Scraped caption text data

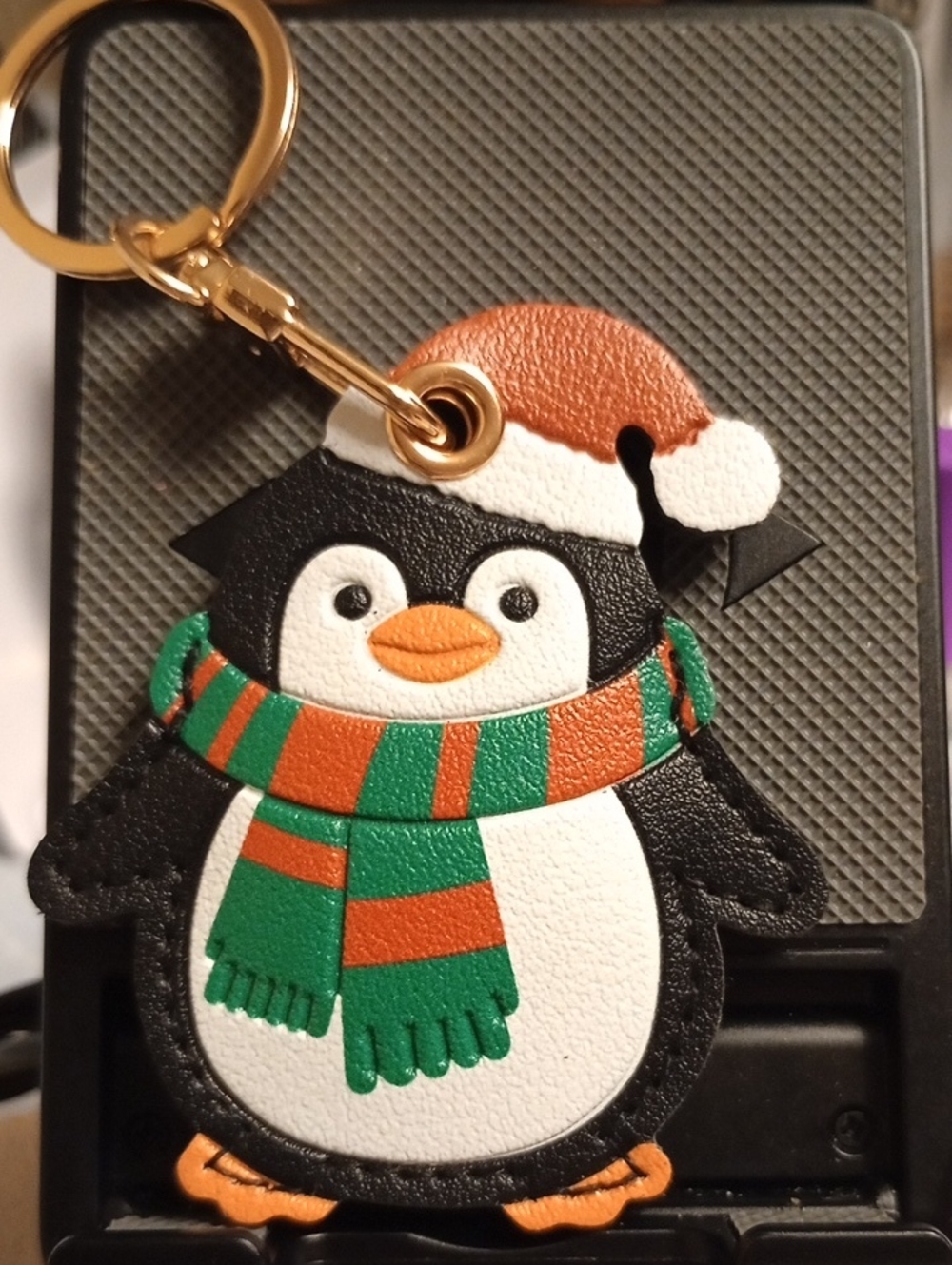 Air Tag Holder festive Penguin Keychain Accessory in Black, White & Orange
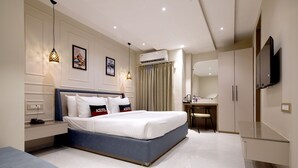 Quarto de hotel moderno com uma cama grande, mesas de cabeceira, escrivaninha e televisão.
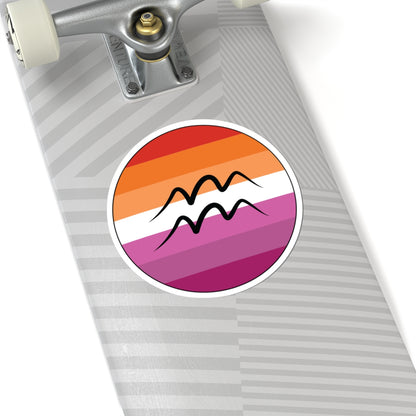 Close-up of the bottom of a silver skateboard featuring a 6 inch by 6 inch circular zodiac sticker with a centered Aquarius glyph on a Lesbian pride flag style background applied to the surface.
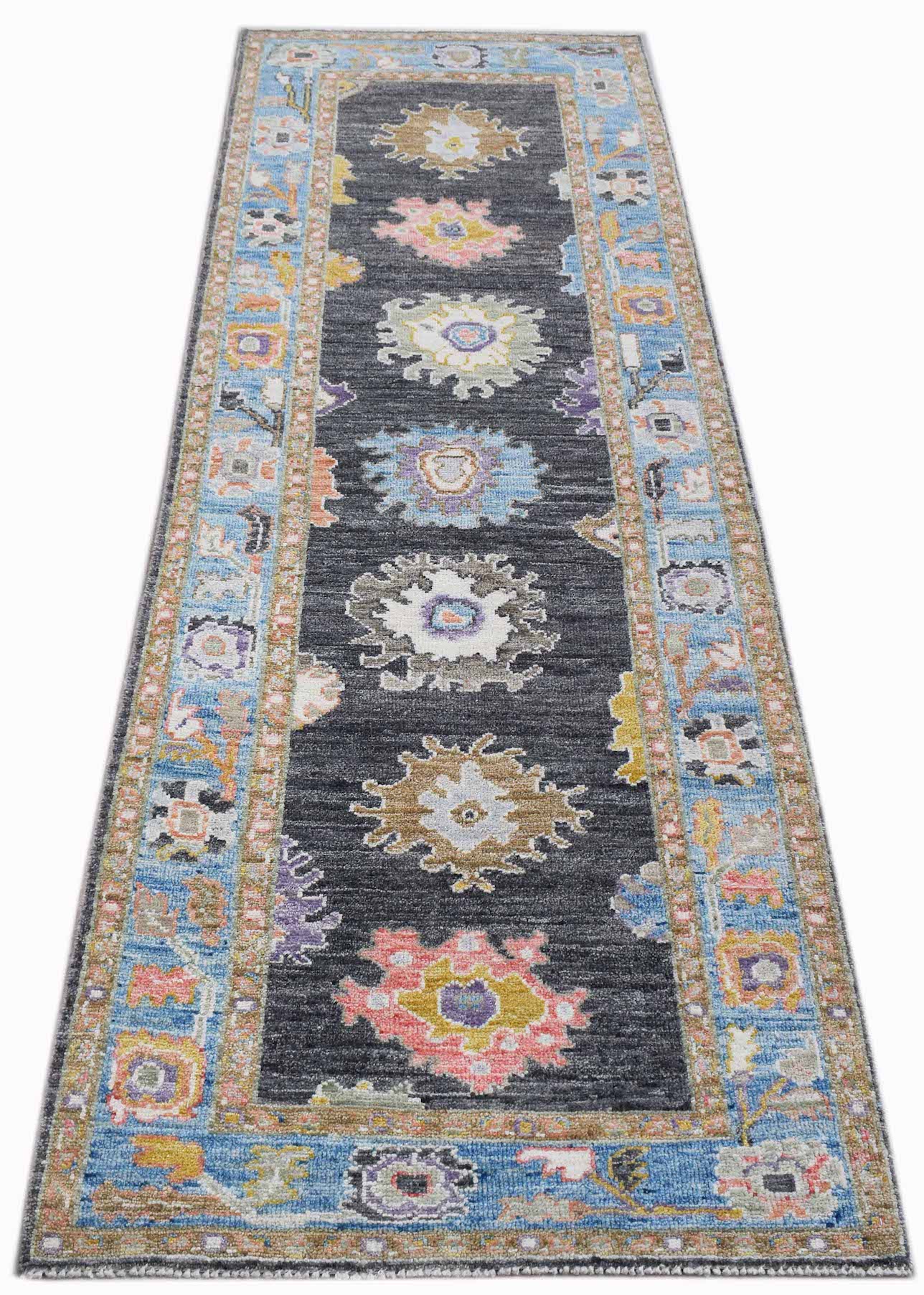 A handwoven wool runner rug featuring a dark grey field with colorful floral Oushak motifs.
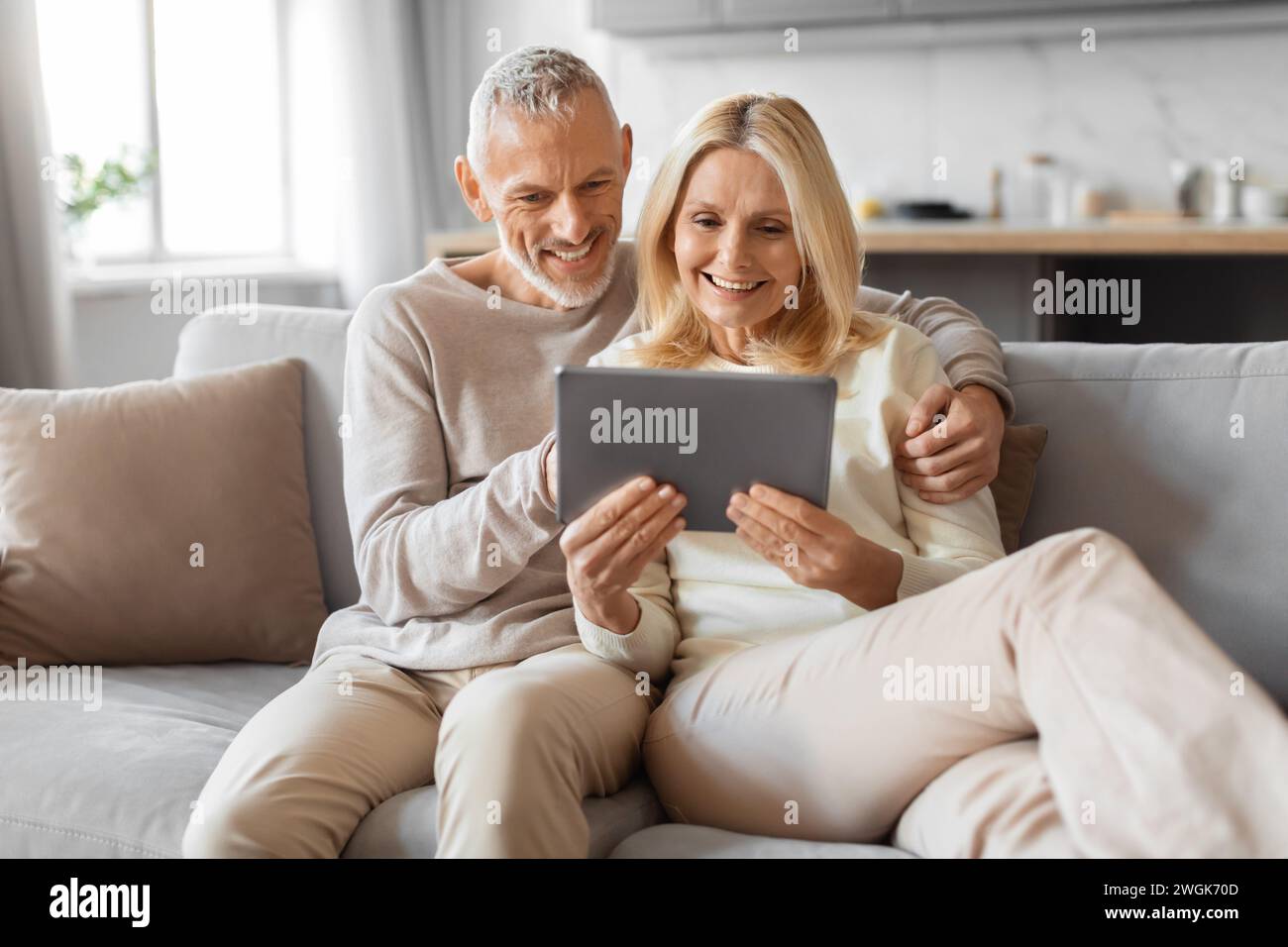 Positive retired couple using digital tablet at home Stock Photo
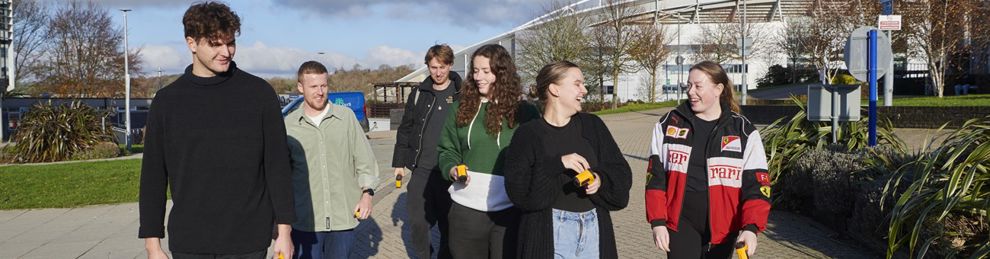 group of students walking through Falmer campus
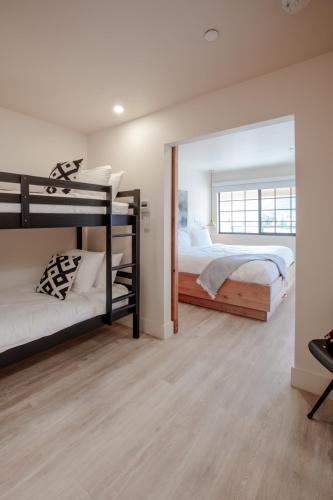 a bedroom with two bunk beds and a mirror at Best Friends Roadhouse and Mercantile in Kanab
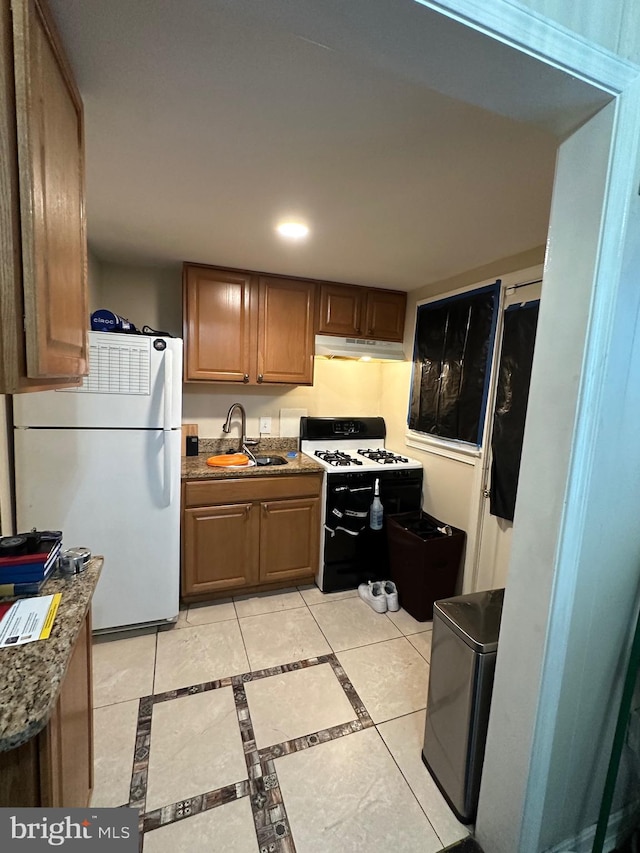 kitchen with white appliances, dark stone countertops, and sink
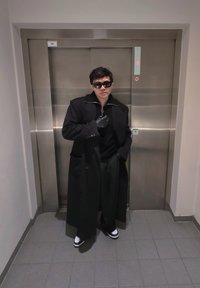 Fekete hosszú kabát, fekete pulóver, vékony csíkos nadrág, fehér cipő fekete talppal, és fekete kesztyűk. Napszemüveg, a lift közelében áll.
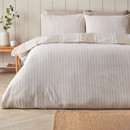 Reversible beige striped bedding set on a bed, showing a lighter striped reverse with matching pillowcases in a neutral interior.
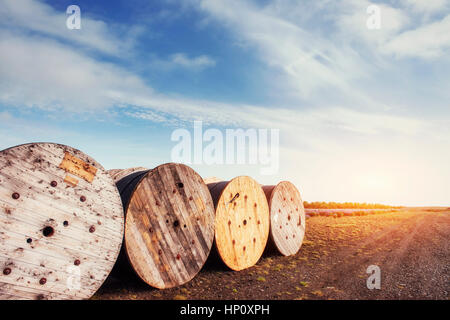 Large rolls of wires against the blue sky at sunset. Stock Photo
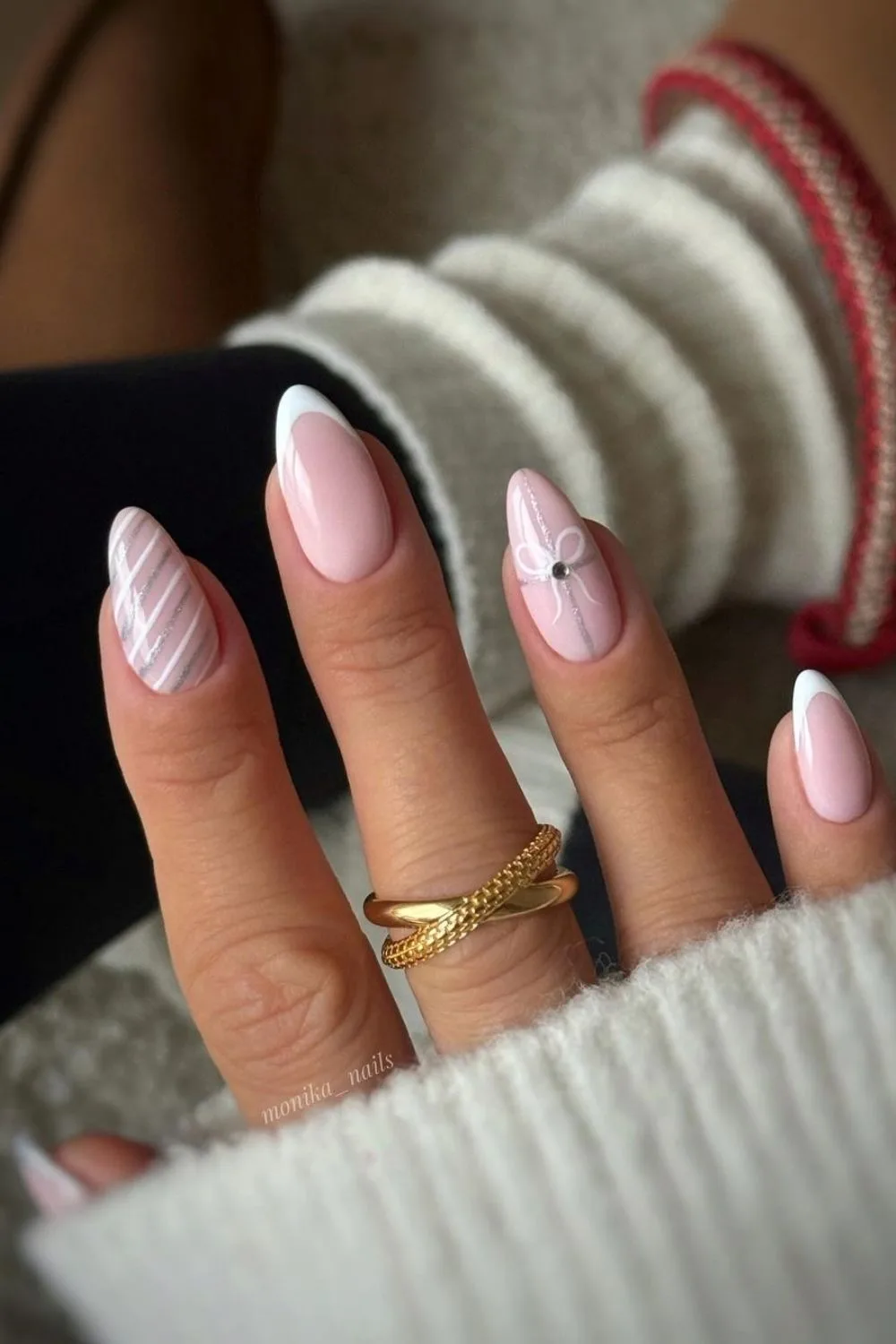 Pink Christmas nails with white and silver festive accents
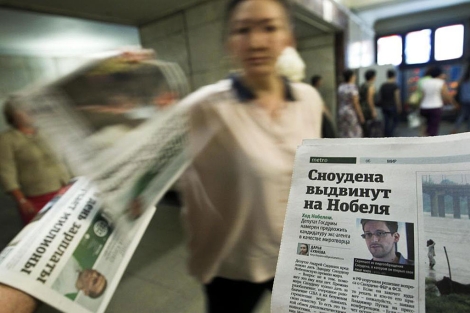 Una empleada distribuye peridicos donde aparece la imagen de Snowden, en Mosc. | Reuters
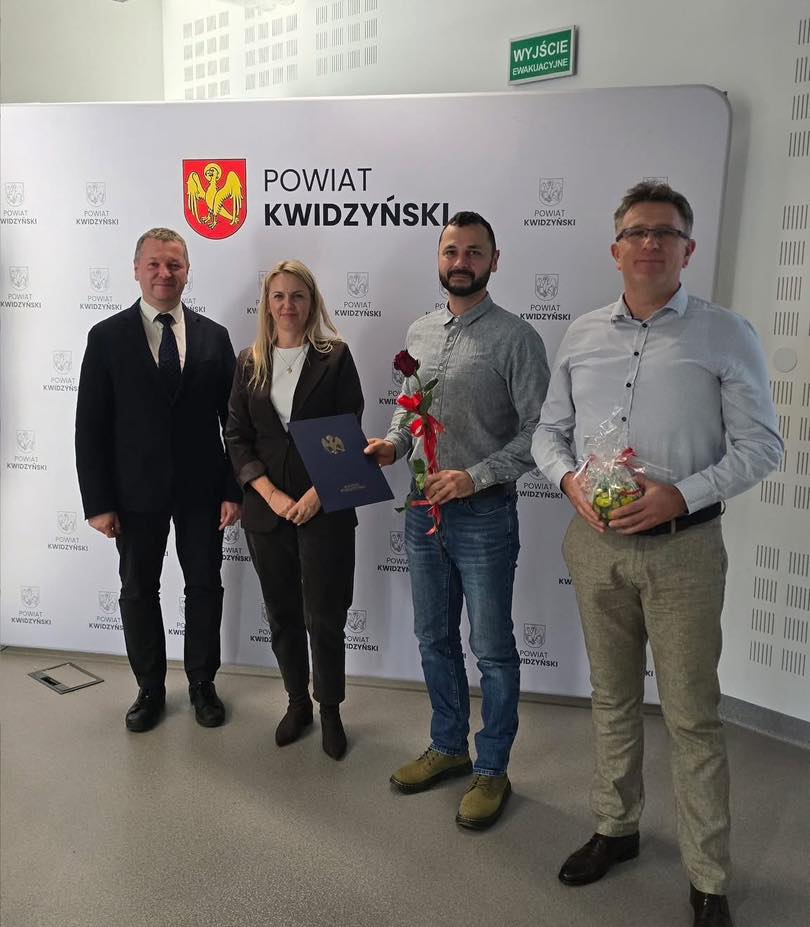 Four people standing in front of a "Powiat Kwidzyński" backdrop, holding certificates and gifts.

◆ WHAT YOU WILL DO: In the data above, the stretch from the line with "Positive retired couple" through the line with "Large rolls of" is to be returned exactly, minus any pictures.

◆ ANSWER:
 Positive retired couple using digital tablet at home Stock Photo
 group of students walking through Falmer campus
 a bedroom with two bunk beds and a mirror at Best Friends Roadhouse and Mercantile in Kanab
 kitchen with white appliances, dark stone countertops, and sink
 Fekete hosszú kabát, fekete pulóver, vékony csíkos nadrág, fehér cipő fekete talppal, és fekete kesztyűk. Napszemüveg, a lift közelében áll.
 Reversible beige striped bedding set on a bed, showing a lighter striped reverse with matching pillowcases in a neutral interior.
 Large rolls of wires against the blue sky at sunset. Stock Photo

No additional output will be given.